Mutation is still a great tank but my experience and pallette has moved away from it 

Sent from my SM-G920F using Tapatalk

Reactions: Like 1


----------



## CloudmanJHB (17/6/16)

That's awesome nice one!


----------



## Zucas (17/6/16)

Fantastic idea , not everyone can afford tanks at the current rand/dollar

Reactions: Like 1 | Agree 1


----------



## kelly22 (17/6/16)

Exactly the re
ason i wanna help someone

Sent from my SM-G920F using Tapatalk

Reactions: Like 4


----------



## Silver (17/6/16)

Great gesture @kelly22 !

Reactions: Winner 1


----------



## Nailedit77 (18/6/16)

kelly22 said:


> Exactly the re
> ason i wanna help someone
> 
> Sent from my SM-G920F using Tapatalk


If no one takes it, I would love to have one again. Was my fav tank, mutation is awesome. Im in Durbs tho


----------



## kelly22 (18/6/16)

Still available guys

Sent from my SM-G920F using Tapatalk


----------



## Nailedit77 (18/6/16)

Pick me


----------



## SAVaper (18/6/16)

I have a friend in Fochville and I bought him the Pico as a pif. I would really like to give him more gear to keep him interested.
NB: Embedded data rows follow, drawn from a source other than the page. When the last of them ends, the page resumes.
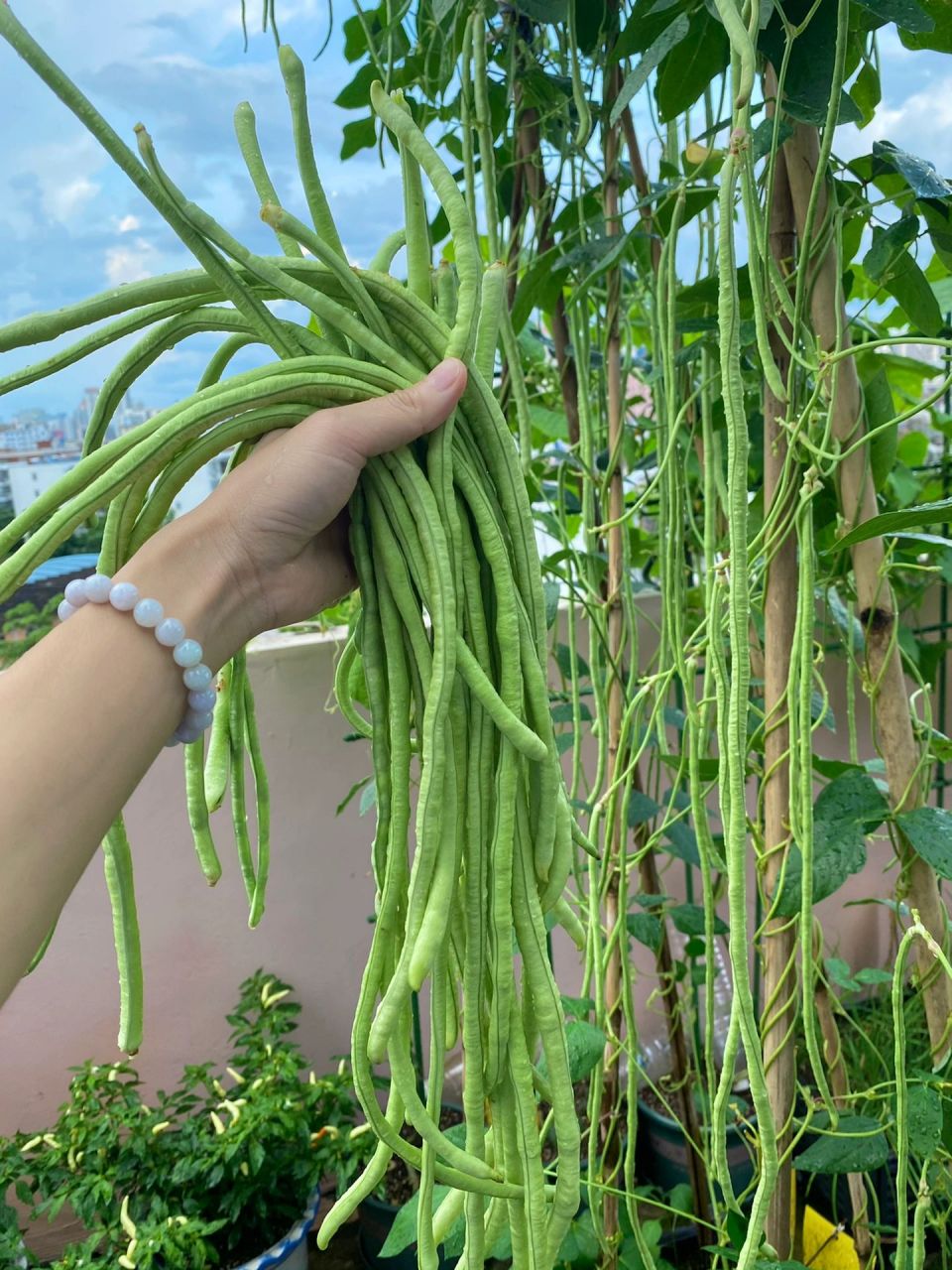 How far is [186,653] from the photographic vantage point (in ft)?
1.22

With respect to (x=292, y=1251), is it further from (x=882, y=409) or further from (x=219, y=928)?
(x=882, y=409)

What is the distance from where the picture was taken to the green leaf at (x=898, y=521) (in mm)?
483

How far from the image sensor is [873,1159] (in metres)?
0.65

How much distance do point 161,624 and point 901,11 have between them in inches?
18.8

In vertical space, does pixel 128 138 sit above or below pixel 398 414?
above

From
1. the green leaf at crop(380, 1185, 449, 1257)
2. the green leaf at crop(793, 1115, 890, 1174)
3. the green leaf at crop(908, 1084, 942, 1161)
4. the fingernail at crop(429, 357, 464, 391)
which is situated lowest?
the green leaf at crop(380, 1185, 449, 1257)

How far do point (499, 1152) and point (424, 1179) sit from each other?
0.14ft

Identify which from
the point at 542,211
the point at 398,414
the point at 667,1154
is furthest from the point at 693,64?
the point at 667,1154

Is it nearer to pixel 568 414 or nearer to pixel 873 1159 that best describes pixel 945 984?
pixel 873 1159

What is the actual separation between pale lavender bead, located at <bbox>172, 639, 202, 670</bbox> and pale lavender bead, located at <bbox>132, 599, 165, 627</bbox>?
1 cm

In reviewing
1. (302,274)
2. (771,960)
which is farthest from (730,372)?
(771,960)

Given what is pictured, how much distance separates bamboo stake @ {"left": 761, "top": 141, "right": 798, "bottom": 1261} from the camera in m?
0.59

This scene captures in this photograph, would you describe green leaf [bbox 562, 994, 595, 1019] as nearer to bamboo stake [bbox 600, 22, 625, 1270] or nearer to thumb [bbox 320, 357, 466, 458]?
bamboo stake [bbox 600, 22, 625, 1270]

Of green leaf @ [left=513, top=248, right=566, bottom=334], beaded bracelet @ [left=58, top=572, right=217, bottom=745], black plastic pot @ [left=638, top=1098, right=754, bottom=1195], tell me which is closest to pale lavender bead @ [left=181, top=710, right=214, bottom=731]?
beaded bracelet @ [left=58, top=572, right=217, bottom=745] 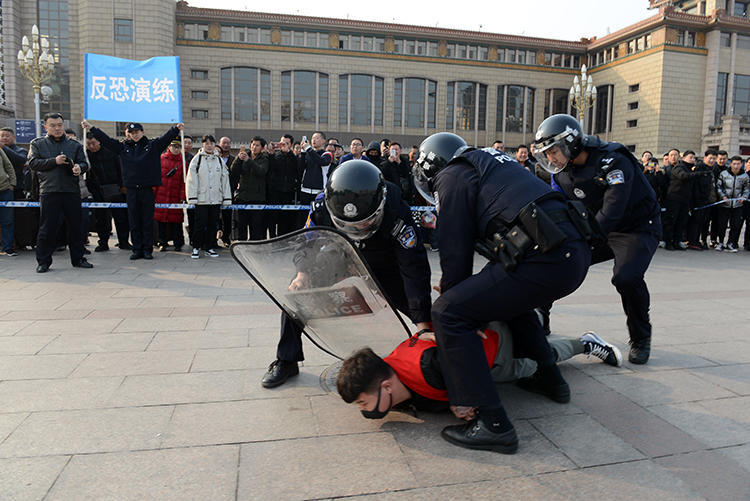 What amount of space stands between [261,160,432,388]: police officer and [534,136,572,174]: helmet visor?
1.51m

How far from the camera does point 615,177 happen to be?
3.93 metres

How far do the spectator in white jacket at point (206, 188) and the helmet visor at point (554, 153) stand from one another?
635 cm

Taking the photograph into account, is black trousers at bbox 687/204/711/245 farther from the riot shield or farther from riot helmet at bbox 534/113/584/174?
the riot shield

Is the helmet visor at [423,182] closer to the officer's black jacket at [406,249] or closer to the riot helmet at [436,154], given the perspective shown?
the riot helmet at [436,154]

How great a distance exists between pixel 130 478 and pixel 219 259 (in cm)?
695

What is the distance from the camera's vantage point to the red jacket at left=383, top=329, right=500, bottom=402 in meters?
2.79

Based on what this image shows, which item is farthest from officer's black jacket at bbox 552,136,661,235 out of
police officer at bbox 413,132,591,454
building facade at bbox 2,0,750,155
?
building facade at bbox 2,0,750,155

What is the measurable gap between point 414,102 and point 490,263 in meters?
48.3

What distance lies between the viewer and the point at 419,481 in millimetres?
2283

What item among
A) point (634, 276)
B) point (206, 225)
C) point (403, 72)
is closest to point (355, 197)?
point (634, 276)

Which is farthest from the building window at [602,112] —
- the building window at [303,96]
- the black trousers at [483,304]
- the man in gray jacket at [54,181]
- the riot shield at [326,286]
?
the riot shield at [326,286]

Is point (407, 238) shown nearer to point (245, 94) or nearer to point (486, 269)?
point (486, 269)

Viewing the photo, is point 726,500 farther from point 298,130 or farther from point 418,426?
point 298,130

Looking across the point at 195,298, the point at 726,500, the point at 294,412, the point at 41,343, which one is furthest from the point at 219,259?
the point at 726,500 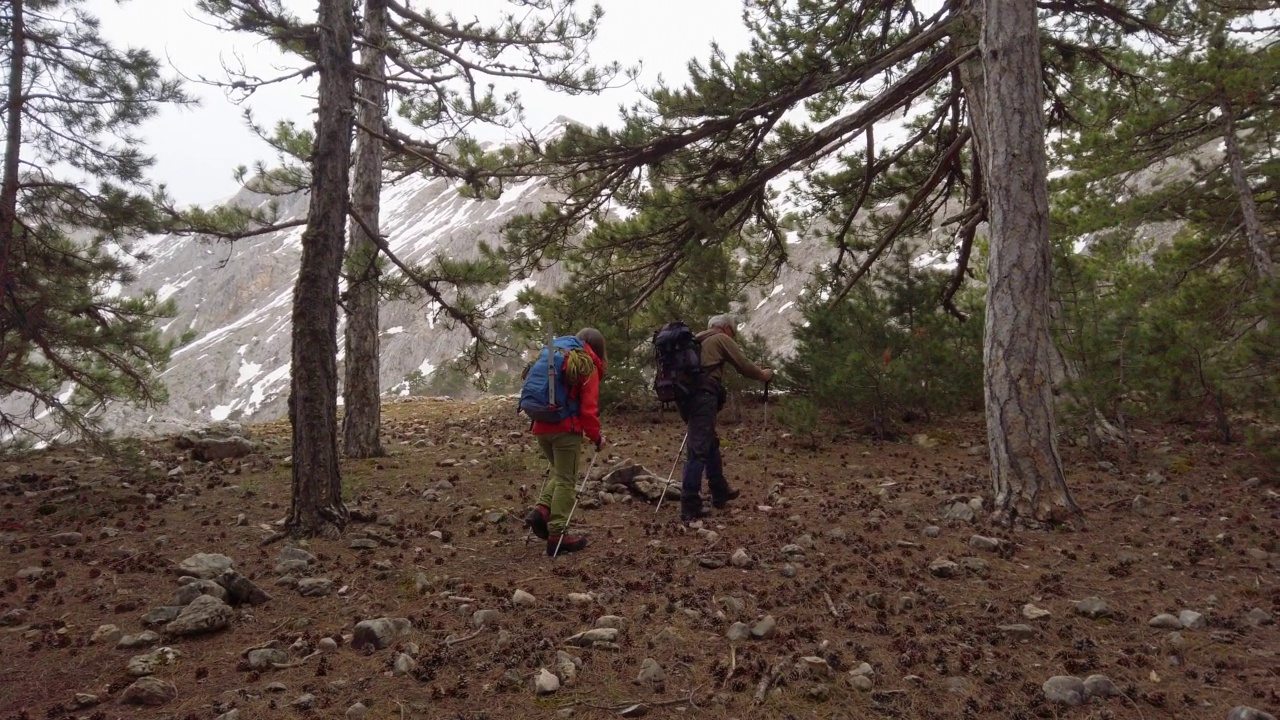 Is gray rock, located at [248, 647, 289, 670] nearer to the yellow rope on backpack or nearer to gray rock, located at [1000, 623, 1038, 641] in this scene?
the yellow rope on backpack

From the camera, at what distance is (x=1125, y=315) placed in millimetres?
8023

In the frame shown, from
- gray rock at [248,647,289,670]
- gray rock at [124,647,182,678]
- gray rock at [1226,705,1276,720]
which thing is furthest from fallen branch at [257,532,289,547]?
gray rock at [1226,705,1276,720]

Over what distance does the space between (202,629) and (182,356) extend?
110218 millimetres

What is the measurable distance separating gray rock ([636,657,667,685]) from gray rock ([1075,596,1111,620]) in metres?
2.56

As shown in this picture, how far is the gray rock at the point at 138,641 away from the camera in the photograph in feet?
12.7

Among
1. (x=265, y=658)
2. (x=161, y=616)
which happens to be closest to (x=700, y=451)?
(x=265, y=658)

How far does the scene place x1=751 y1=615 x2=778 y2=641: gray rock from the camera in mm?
3873

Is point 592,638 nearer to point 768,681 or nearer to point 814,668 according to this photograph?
point 768,681

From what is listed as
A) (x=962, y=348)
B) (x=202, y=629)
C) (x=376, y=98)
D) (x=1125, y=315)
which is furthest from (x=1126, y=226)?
(x=202, y=629)

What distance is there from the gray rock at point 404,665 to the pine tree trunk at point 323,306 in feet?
8.70

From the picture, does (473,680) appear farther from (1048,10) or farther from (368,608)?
(1048,10)

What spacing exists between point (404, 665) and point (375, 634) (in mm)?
386

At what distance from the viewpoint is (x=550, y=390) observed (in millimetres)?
5777

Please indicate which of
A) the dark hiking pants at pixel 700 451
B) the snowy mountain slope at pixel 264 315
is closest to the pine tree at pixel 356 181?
the dark hiking pants at pixel 700 451
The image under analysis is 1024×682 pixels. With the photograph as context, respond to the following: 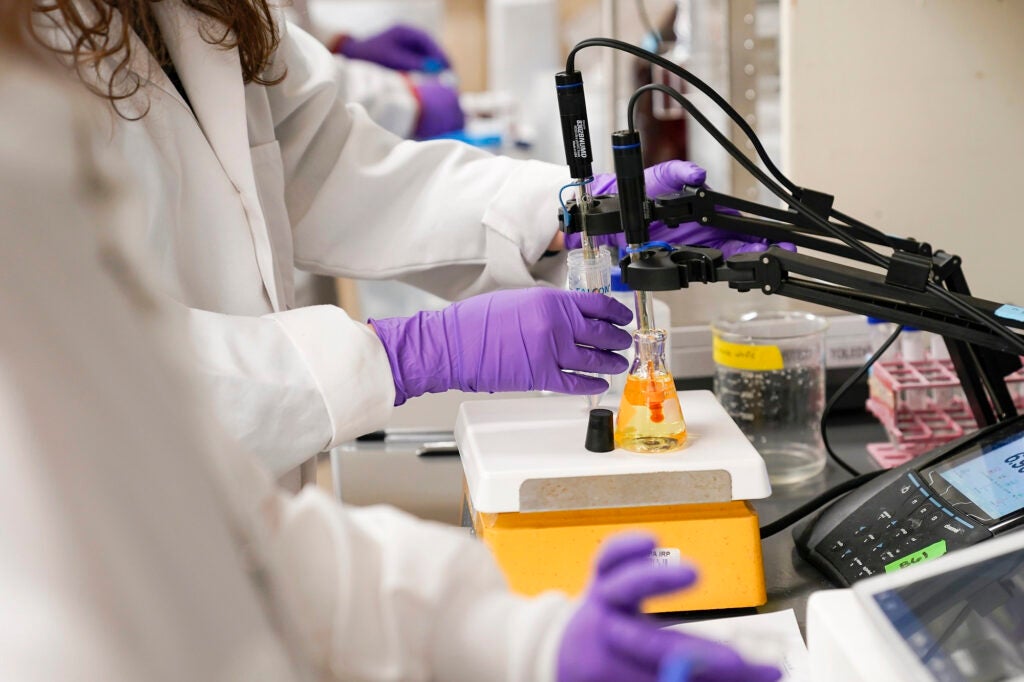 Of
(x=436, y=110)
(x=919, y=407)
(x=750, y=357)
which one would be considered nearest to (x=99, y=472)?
(x=750, y=357)

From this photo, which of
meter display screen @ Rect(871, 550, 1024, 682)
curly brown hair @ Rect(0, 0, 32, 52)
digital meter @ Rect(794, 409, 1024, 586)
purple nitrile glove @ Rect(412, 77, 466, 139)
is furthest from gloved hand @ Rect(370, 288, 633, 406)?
purple nitrile glove @ Rect(412, 77, 466, 139)

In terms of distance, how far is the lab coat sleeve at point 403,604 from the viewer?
0.59 metres

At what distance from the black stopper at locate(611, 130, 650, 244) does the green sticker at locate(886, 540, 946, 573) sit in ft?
1.24

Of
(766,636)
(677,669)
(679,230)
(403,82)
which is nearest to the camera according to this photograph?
(677,669)

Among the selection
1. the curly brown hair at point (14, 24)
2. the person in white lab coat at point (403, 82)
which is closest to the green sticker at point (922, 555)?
the curly brown hair at point (14, 24)

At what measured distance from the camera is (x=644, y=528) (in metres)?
1.02

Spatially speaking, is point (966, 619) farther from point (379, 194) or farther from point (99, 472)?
point (379, 194)

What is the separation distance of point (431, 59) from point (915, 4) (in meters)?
3.27

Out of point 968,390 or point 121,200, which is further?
point 968,390

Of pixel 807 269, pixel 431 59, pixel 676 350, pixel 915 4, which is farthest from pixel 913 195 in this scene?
pixel 431 59

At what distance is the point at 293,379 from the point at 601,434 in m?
0.30

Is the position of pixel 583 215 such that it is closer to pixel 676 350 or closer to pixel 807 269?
pixel 807 269

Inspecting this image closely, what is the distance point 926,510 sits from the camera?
1.02 meters

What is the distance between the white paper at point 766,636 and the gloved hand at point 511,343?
0.29 meters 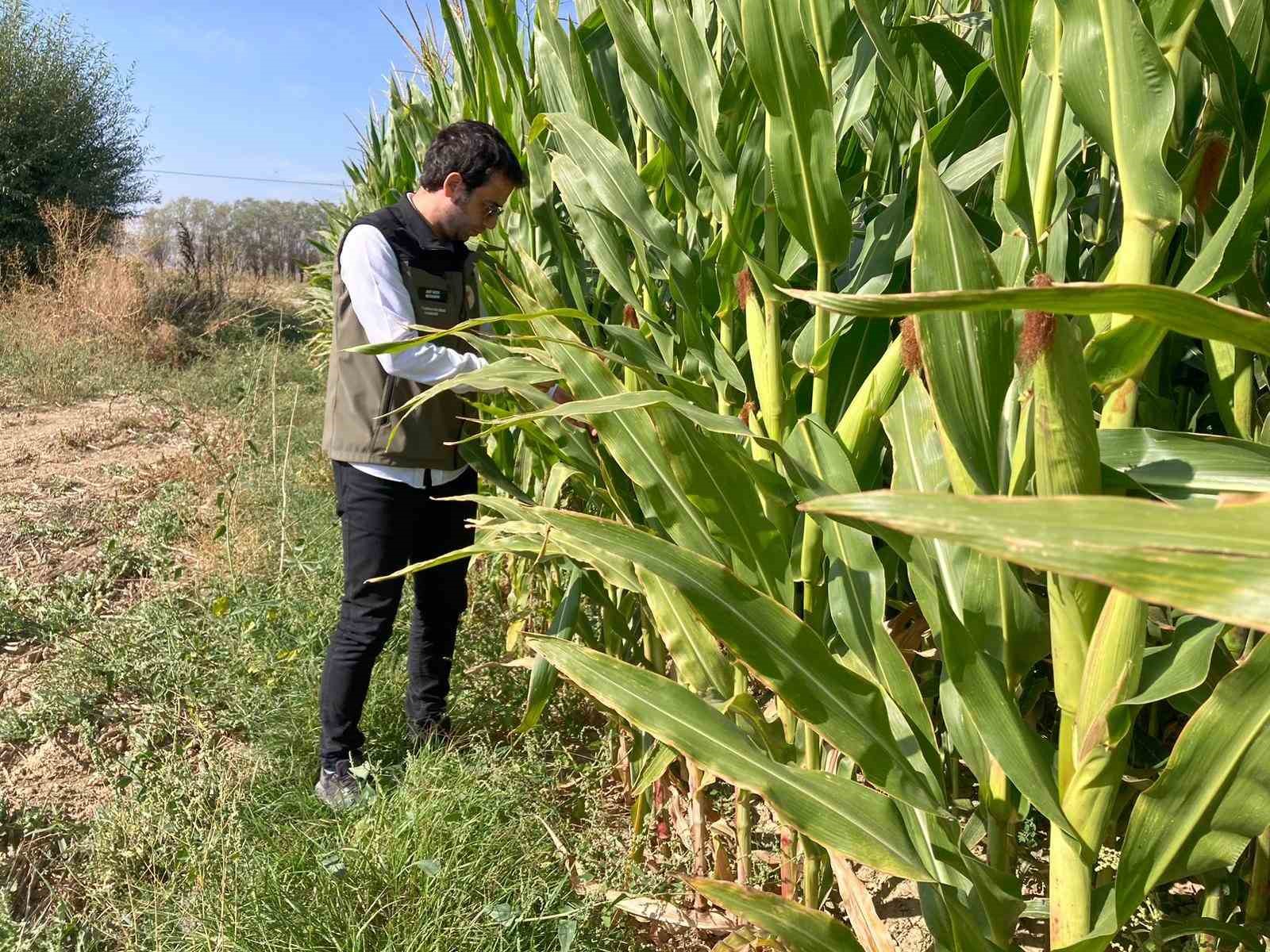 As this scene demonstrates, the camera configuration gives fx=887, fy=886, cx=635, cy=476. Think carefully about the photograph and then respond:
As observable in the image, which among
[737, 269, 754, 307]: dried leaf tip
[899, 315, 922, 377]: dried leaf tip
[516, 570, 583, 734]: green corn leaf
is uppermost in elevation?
[737, 269, 754, 307]: dried leaf tip

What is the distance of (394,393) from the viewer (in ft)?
7.30

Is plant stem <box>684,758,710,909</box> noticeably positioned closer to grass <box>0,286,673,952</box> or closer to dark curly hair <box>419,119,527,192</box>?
grass <box>0,286,673,952</box>

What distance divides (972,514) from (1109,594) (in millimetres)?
409

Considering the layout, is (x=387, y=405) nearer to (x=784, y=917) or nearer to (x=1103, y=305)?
(x=784, y=917)

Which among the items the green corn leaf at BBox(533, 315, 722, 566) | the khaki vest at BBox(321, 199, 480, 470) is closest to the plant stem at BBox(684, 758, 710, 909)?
the green corn leaf at BBox(533, 315, 722, 566)

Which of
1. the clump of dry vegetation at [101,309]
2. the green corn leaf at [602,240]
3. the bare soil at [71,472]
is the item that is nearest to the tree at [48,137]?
the clump of dry vegetation at [101,309]

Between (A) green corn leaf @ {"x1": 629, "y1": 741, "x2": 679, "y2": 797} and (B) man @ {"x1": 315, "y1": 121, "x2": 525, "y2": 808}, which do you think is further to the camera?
(B) man @ {"x1": 315, "y1": 121, "x2": 525, "y2": 808}

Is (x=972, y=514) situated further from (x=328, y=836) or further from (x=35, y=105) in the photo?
(x=35, y=105)

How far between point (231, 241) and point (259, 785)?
22.1 metres

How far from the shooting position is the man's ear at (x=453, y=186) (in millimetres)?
2061

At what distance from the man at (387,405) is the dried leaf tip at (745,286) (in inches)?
39.9

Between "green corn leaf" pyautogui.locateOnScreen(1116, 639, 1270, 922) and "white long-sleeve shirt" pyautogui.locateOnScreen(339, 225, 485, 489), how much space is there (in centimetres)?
157

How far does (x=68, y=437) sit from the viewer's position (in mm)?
6074

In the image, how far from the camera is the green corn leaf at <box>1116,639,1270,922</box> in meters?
0.76
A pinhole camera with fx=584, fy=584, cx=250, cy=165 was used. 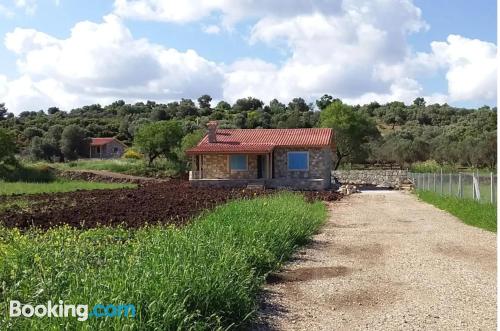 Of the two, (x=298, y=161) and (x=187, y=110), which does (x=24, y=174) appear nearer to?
(x=298, y=161)

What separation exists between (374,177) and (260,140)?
8098mm

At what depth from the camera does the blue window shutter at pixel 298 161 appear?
32.4 meters

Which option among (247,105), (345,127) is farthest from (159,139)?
(247,105)

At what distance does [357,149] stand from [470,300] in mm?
42204

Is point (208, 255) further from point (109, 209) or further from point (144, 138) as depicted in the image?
point (144, 138)

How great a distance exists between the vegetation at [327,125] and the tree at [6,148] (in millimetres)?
11608

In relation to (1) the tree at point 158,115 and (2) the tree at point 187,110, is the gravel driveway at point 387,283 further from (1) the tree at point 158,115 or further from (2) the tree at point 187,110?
(2) the tree at point 187,110

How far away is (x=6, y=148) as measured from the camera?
33.9 metres

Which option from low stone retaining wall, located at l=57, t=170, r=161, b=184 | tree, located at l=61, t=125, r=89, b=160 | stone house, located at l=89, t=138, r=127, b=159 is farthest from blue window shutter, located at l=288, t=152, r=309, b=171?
stone house, located at l=89, t=138, r=127, b=159

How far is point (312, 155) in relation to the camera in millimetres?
32281

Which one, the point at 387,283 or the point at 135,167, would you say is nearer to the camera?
the point at 387,283

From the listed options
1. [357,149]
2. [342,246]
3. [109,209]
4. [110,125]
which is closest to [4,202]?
[109,209]

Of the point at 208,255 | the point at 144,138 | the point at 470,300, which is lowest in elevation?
the point at 470,300

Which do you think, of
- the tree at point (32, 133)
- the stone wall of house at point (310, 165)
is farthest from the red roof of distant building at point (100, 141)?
the stone wall of house at point (310, 165) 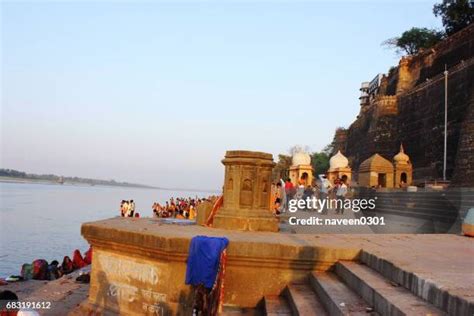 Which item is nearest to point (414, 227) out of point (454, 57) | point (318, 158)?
point (454, 57)

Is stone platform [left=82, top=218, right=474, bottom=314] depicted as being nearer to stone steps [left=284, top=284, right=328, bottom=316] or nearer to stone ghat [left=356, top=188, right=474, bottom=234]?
stone steps [left=284, top=284, right=328, bottom=316]

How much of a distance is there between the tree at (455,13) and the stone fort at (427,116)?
7657 mm

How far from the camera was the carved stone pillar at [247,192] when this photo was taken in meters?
7.20

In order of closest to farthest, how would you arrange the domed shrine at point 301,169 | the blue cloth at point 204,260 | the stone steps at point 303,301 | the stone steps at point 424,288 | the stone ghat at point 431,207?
1. the stone steps at point 424,288
2. the stone steps at point 303,301
3. the blue cloth at point 204,260
4. the stone ghat at point 431,207
5. the domed shrine at point 301,169

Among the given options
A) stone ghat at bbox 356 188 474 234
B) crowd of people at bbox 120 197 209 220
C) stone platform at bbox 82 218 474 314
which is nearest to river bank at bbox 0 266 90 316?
stone platform at bbox 82 218 474 314

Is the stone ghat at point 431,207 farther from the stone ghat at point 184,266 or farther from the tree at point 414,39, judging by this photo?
the tree at point 414,39

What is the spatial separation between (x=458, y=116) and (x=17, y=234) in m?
29.5

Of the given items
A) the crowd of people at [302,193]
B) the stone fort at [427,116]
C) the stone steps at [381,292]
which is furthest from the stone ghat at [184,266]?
the stone fort at [427,116]

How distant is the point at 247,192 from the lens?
23.8 feet

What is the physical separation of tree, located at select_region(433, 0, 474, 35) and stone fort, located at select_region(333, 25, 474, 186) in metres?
7.66

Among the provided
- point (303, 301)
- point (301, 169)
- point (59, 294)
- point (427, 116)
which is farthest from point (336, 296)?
point (427, 116)

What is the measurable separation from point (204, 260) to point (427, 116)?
97.7ft

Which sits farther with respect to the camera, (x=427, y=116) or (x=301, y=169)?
(x=427, y=116)

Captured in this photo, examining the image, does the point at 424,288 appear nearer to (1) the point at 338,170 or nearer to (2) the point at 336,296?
(2) the point at 336,296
Thanks

Reactions: Like 2


----------



## Spydro (18/6/16)

Very nice of you to make the offer @kelly22. 
Hope those who needs them the most chime in.


----------



## kelly22 (18/6/16)

@Sickboy77 if nobody takes it its yours wen im bk in durbs

Sent from my SM-G920F using Tapatalk

Reactions: Like 1 | Winner 1


----------



## Imotions (19/6/16)

i want to start building and exploring as buying commercial coils now is making small holes in the pocket please pick me

Sent from my SM-G920F using Tapatalk


----------



## PsyCLown (19/6/16)

I know my GF would love that dripper when I upgrade and give her my Pico.


----------



## DrSirus-88 (19/6/16)

Great gesture @kelly22.


----------



## kelly22 (21/6/16)

Both items gone guys

Sent from my SM-G920F using Tapatalk

Reactions: Like 3 | Winner 1


----------